→ Brief:
Take the line that holds "Local comercial de" and every line after it to the end of the entries, and repeat them exactly without the pictures.

(Data to use begins)

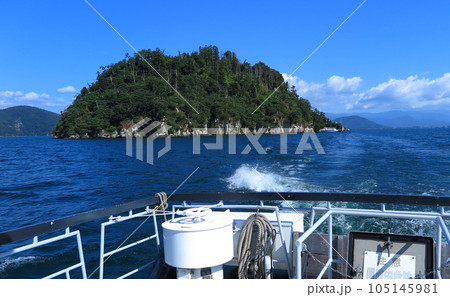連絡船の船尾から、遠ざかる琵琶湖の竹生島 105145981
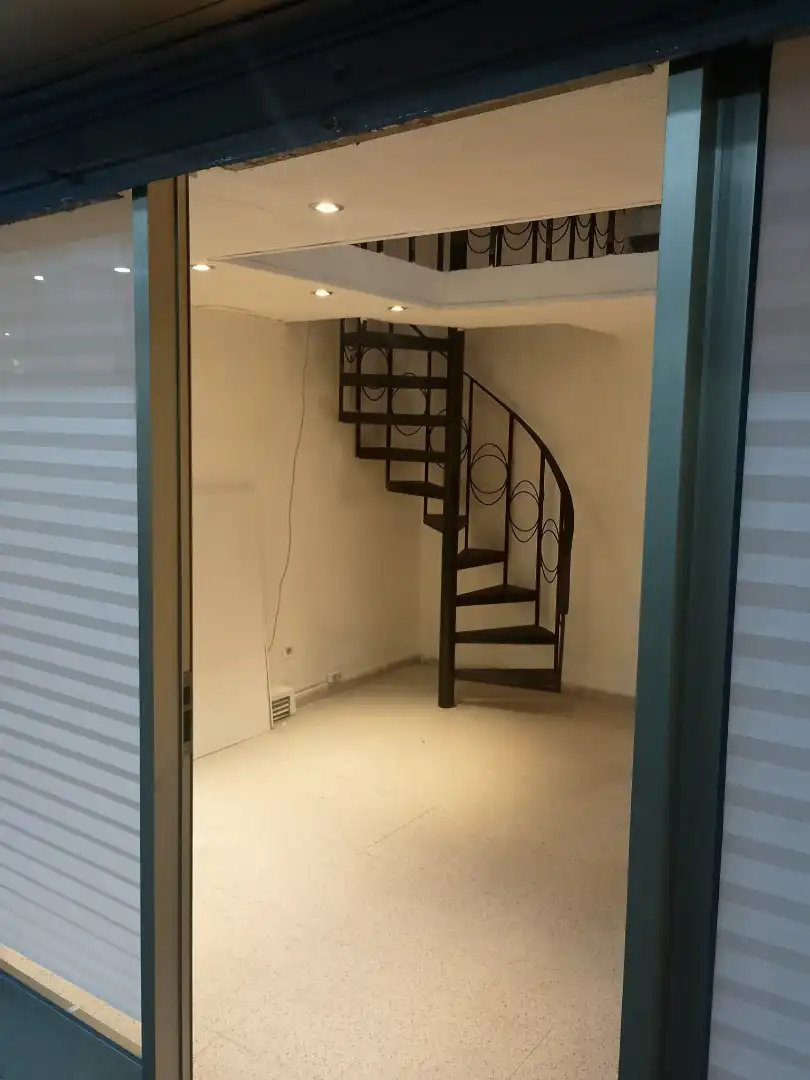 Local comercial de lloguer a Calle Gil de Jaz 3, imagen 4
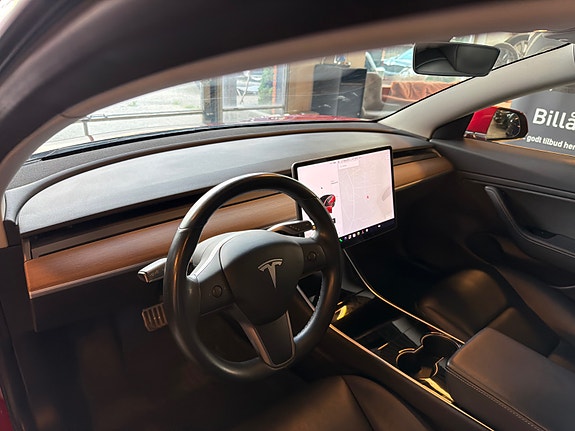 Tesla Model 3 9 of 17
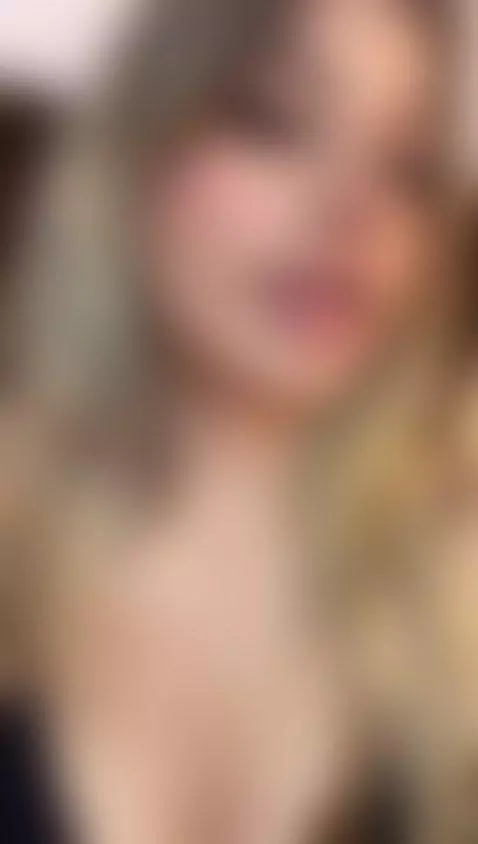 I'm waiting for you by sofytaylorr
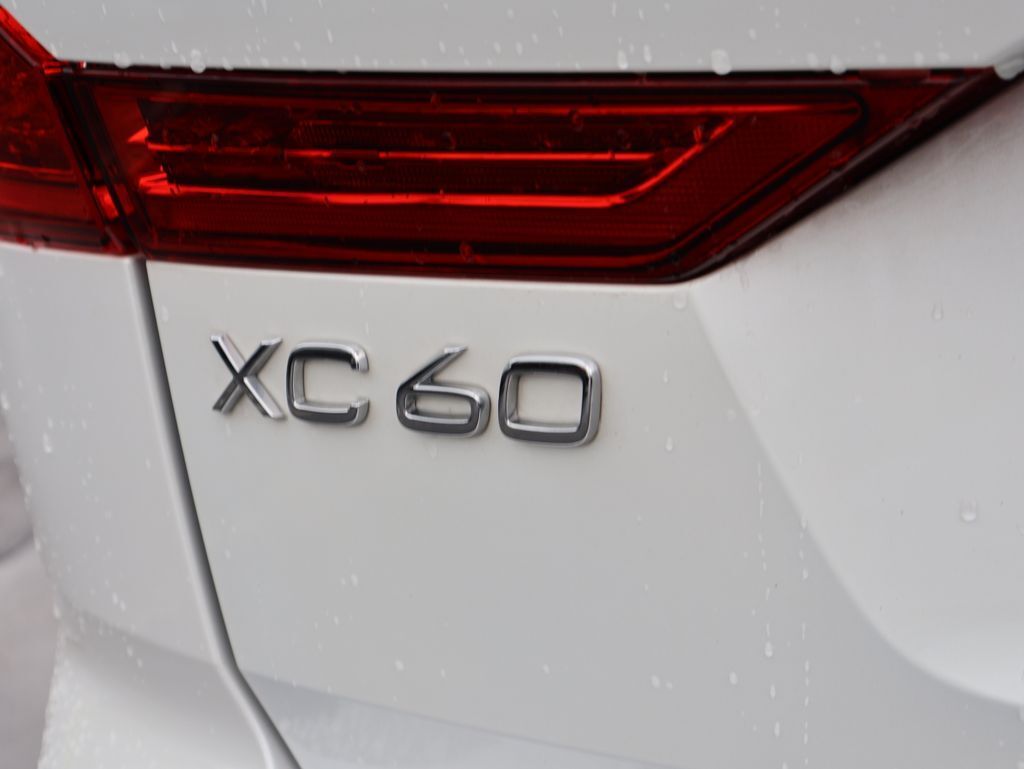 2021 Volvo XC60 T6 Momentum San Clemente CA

(Data to use ends)

→ Response to the exercise:
 Local comercial de lloguer a Calle Gil de Jaz 3, imagen 4
 Tesla Model 3 9 of 17
 I'm waiting for you by sofytaylorr
 2021 Volvo XC60 T6 Momentum San Clemente CA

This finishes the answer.